Your did a pretty good job overall and I can see you are making a lot of good progress with your boxes. When I compare your early work to your later boxes I can see that you have made some improvements with the quality of your mark making. Your lines grow steadily straighter and more confident looking. You also do a better job of getting your sets of parallel lines to converge more consistently towards their shared vanishing points!

One thing I notice about your boxes is that you had a tendency to draw them a bit small. Part of why we have the limit of 5-6 boxes per page is so that students have enough room to draw their boxes at a reasonable size while also leaving some space to extend your lines. Drawing bigger helps engage your brain's spatial reasoning skills, whereas drawing smaller impedes them. I can also see that you did not have much variety with your boxes. Specifically with their foreshortening. Make sure that when you are practicing your boxes that you employ a variety of orientations and foreshortening to your boxes so that you can get the most out of your practice.

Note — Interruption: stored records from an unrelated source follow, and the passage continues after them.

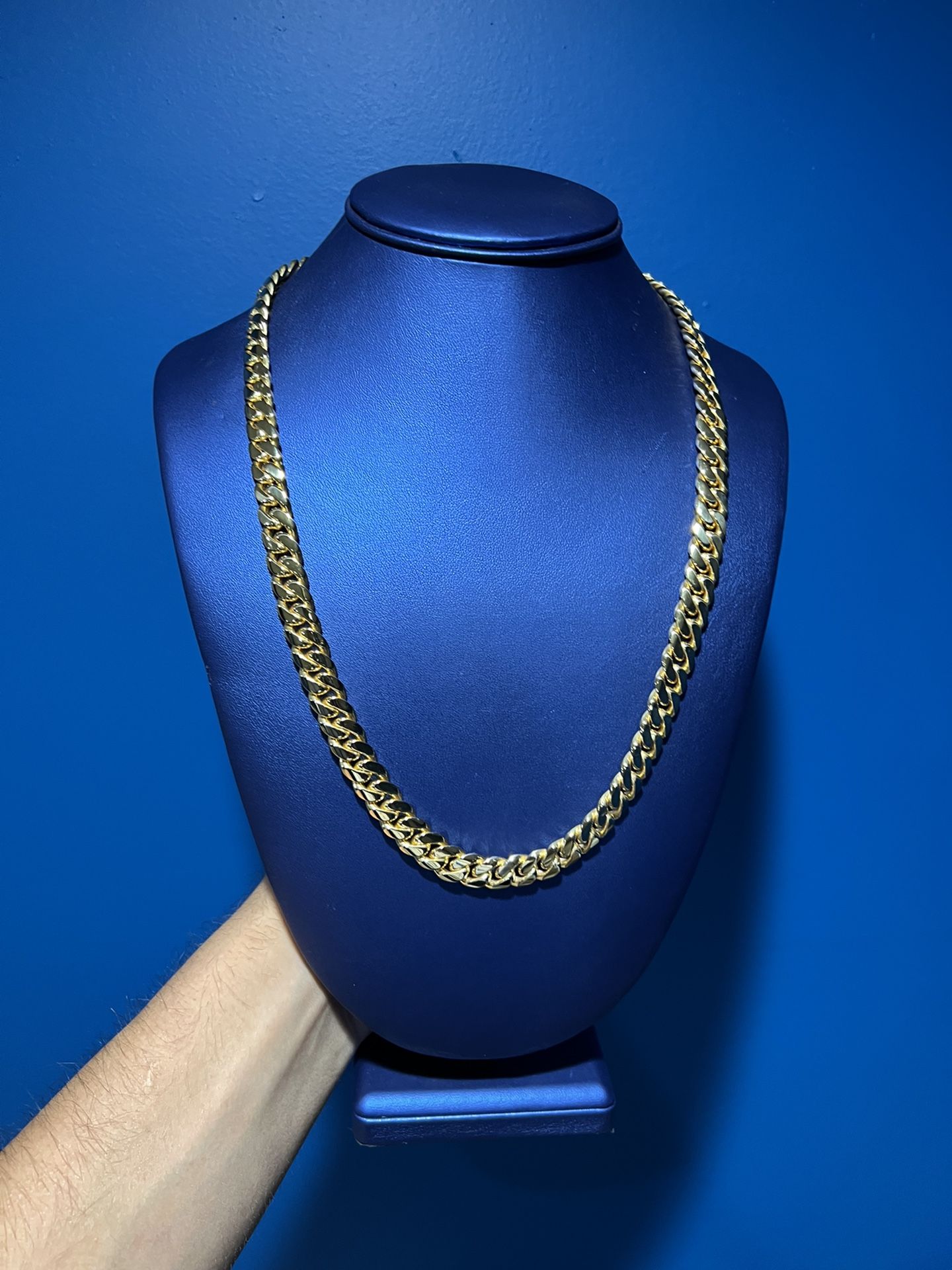 10mm 24” Hand Made Cuban Link Chain Gold Over Silver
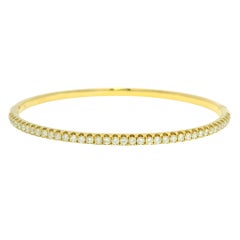 Natural 1.0 Carat Diamond 18-Karat Bangle Bracelet In Stock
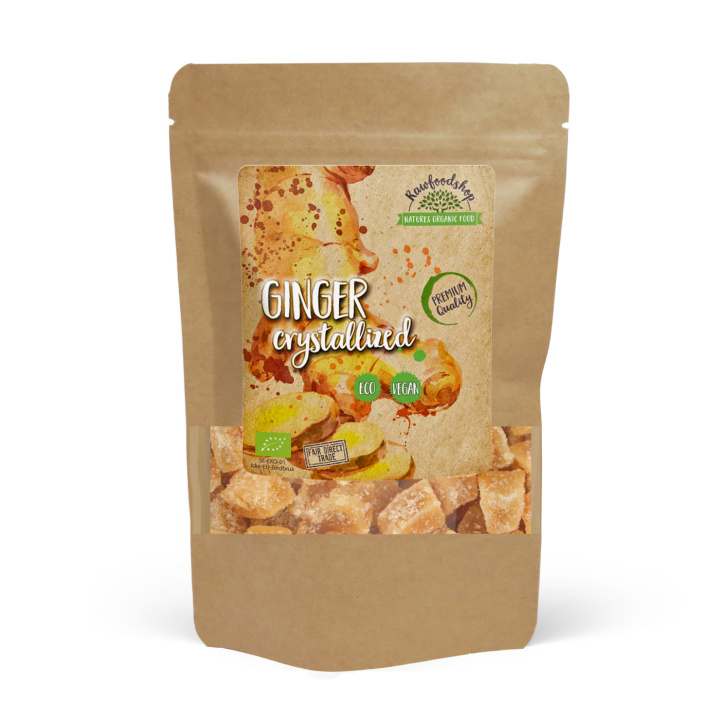 Inkivääri Kristallisoitu LUOMU 200g ryhmässä Raaka-aineet / Karkkia & Suklaata / Makeiset @ Rawfoodshop Scandinavia AB (RAW986689)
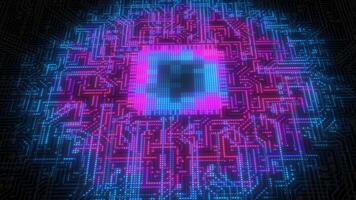 CPU Processor Animation. Processor Glowing Digital Lines video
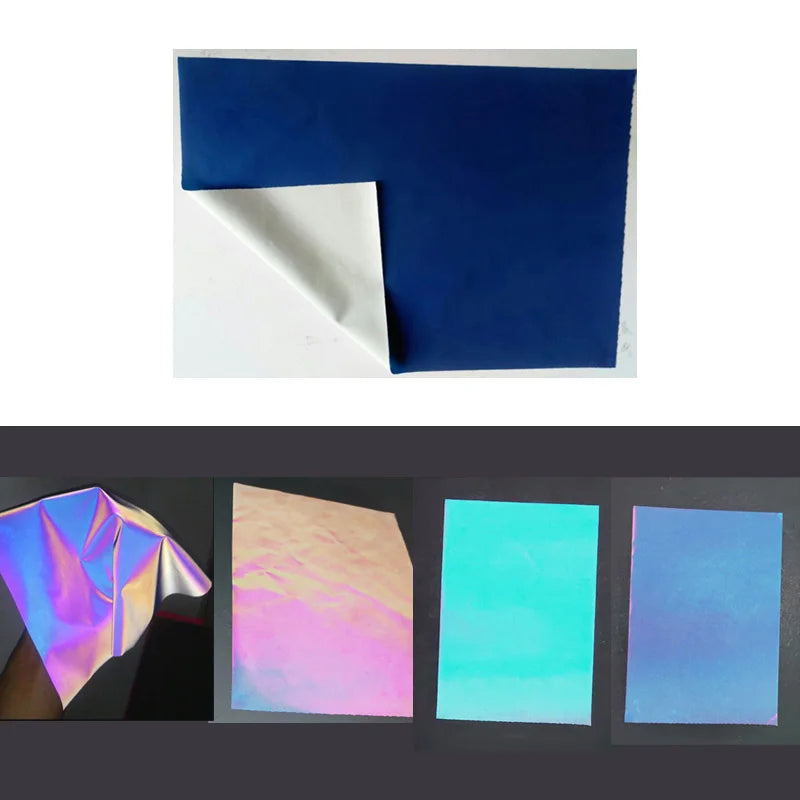 New Blue Color Polyester Scratched Washed Resistant rainbow Iridescent Reflective Fabric for Fashion Down Cotton Padded Jacket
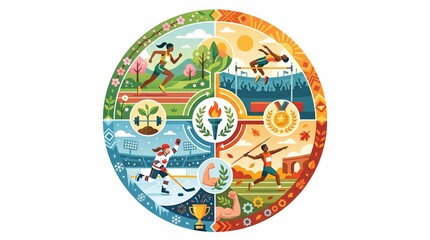 Naklejka premium Sporting seasons concept representing athletics, track and field, ice hockey, javelin throw and more.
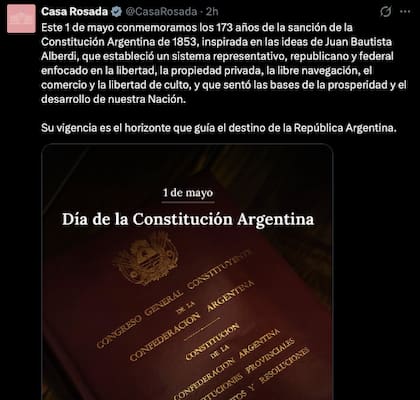 La Casa Rosada realizó otro comunicado por el 1 de mayo, destacando el rol de Alberdi y algunas banderas liberales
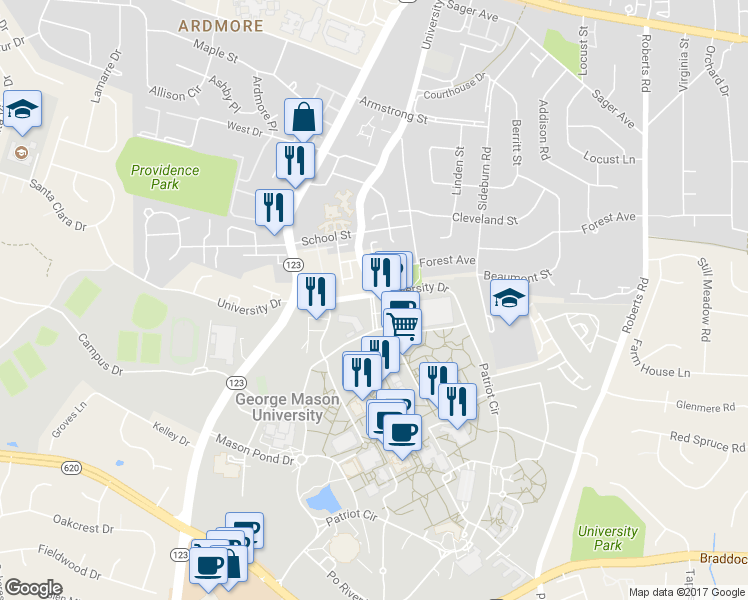 map of restaurants, bars, coffee shops, grocery stores, and more near 4430 George Mason Boulevard in Fairfax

I would also strongly encourage you to add extra line weight to your boxes, as an added step for those warm ups. When you go to add weight to a line it is important that you treat the added weight the same way you would a brand new line. That means taking your time to plan and ghost through your mark so that when you go to execute it the mark blends seamlessly with your original mark. This will allow you to create more subtle and clean looking weight to your lines that reinforces the illusion of solidity in your boxes/forms. This is something that you will improve with consistent practice, so make sure that you include this step in your regular warm ups. You can also read more about this here.

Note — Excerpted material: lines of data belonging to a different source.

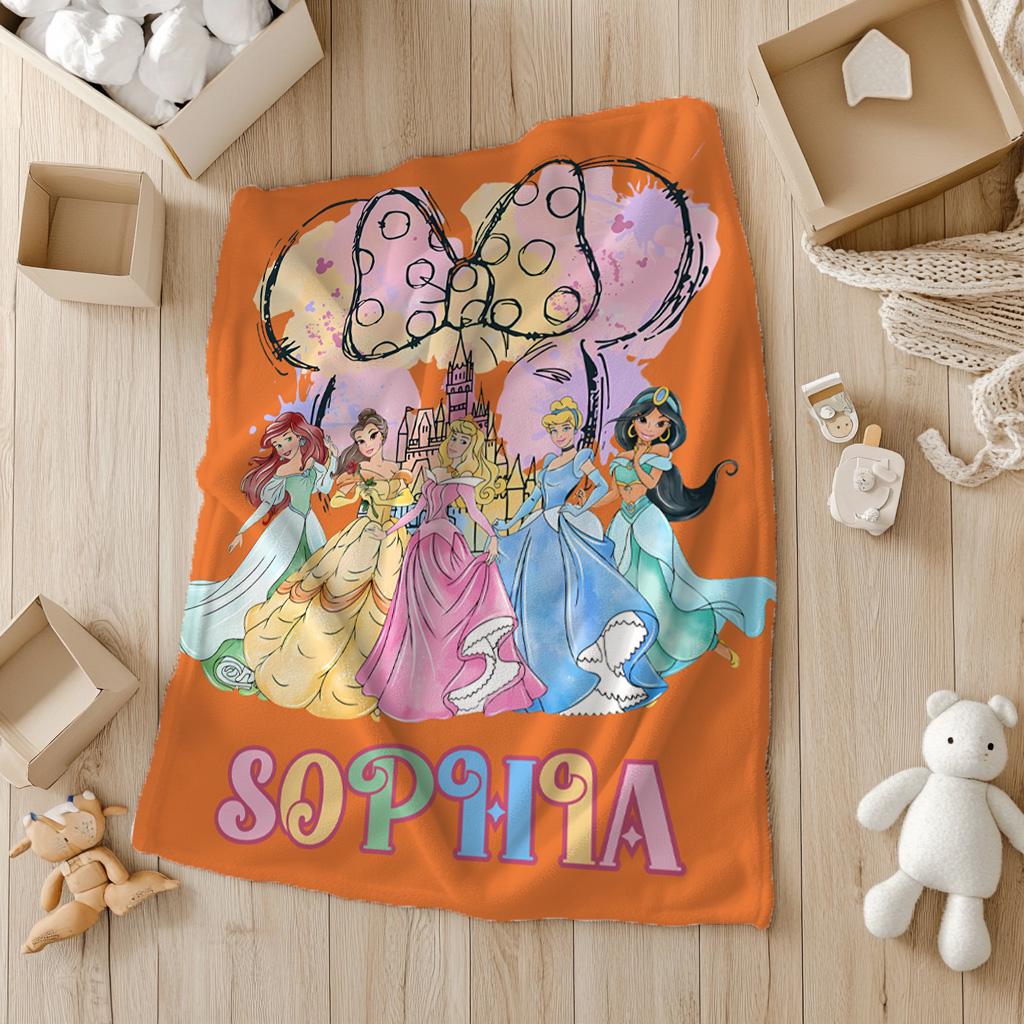 Custom Disney Princesses Blanket, Disney Princess Blanket, Princess Lover Blanket,Princess Gift For Girls,Princess Name Blanket,Nursery Gift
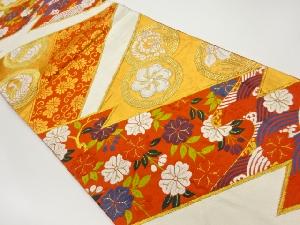 リサイクル　丸文に枝垂れ桜・荒波・菊唐草模様織出し袋帯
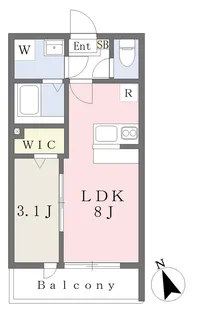 ピエブランⅢ【104号室】の間取り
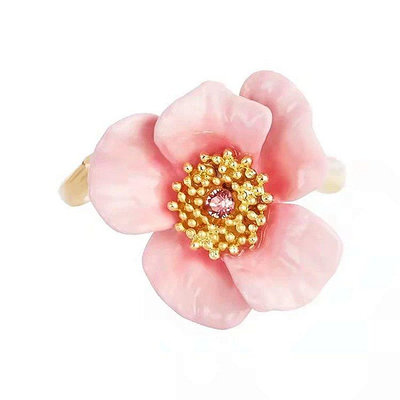 Leann代購~Les Nereides 法國手工琺瑯玫瑰芬芳系列 粉色玫瑰花 開口可調節戒指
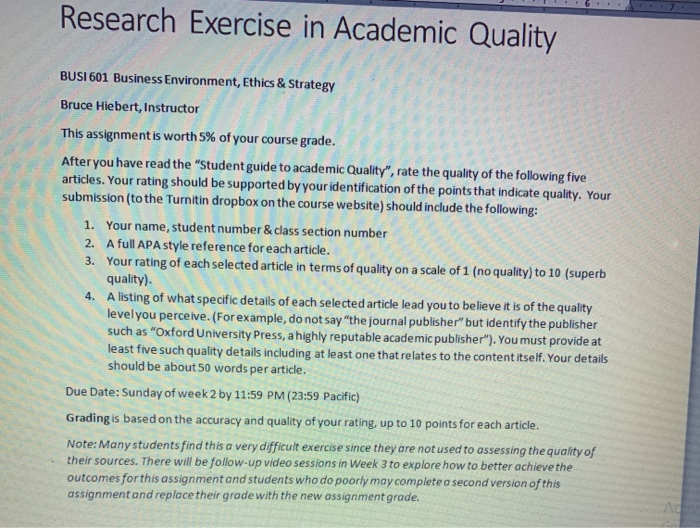 Research Exercise in Academic Quality BUSI 601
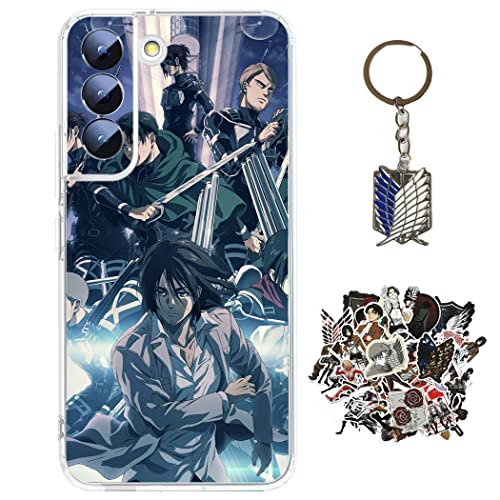 Staremeplz Attack -on Titan Hülle für Samsung Galaxy A71 4G Anime Handyhülle [Mit Schlüsselbund und 50pcs Aufkleber] Cartoons Transparent Silikon Case Hülle für Samsung Galaxy A71 4G von Staremeplz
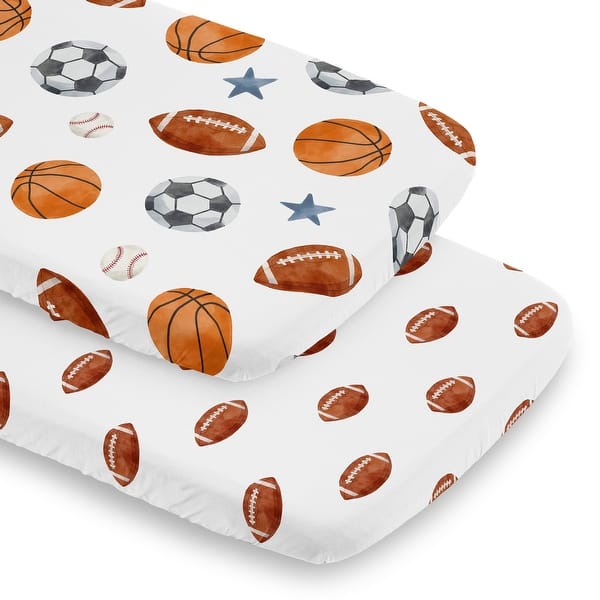 slide 2 of 6, Sweet Jojo Designs Sports Theme Boy 2 Pack Baby Bassinet Fitted Sheets - Football Print & Watercolor Vintage Sport Themed, Stars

Finally while your convergences do improve overall I think this diagram will help you further develop that skill as you continue through Drawabox. So, when you are looking at your sets of lines you want to be focusing only on the lines that share a vanishing point. This does not include lines that share a corner or a plane, only lines that converge towards the same vanishing point. Now when you think of those lines, including those that have not been drawn, you can think about the angles from which they leave the vanishing point. Usually the middle lines have a small angle between them, and this angle will become negligible by the time they reach the box. This can serve as a useful hint.

Congrats again and good luck with lesson 2!